2. The vehicle driving evaluation method based on SDK and multi-dimensional data according to claim 1, characterized in that, The valid data includes driving behavior collection data, driving behavior analysis data, data obtained from the vehicle's own sensors, and data collected from the vehicle's onboard terminal.

3. The vehicle driving evaluation method based on SDK and multi-dimensional data according to claim 1, characterized in that, The data processing method for noise removal of data converted to the specified data format includes a vehicle location information filtering algorithm, wherein the vehicle location information filtering algorithm includes: Obtain position data by performing a first-stage noise data processing on the raw position data collected by the sensor; The location data that has undergone the first filtering of noise data is then subjected to Kalman filtering again to obtain the second filtered location data, which is used as the effective data after noise removal. The original location data includes longitude, latitude, speed, heading angle, altitude, and accuracy factor.

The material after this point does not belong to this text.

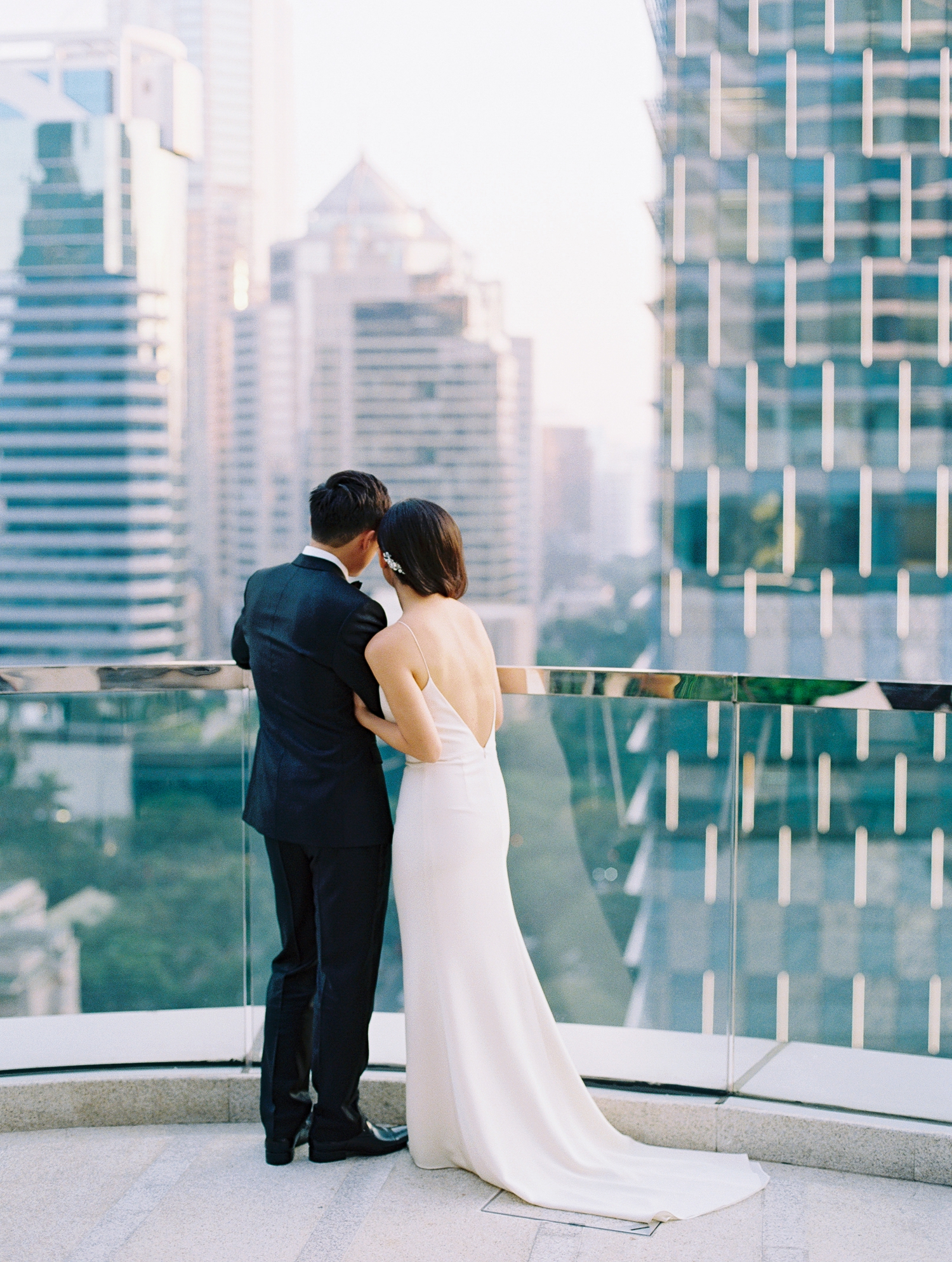 bride and groom cityscape bangkok thailand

4. A vehicle driving evaluation device based on SDK and multi-dimensional data, characterized in that, The device includes: At least one processor; and, A memory communicatively connected to the at least one processor; wherein, The memory stores instructions that can be executed by the at least one processor to enable the at least one processor to perform the method according to any one of claims 1 to 3.

5. A vehicle driving evaluation system based on SDK and multi-dimensional data, characterized in that, The system further includes: a server, a terminal connected in communication with the server, and an SDK, wherein the SDK is loaded onto the server and / or the terminal to implement the method according to any one of claims 1 to 3.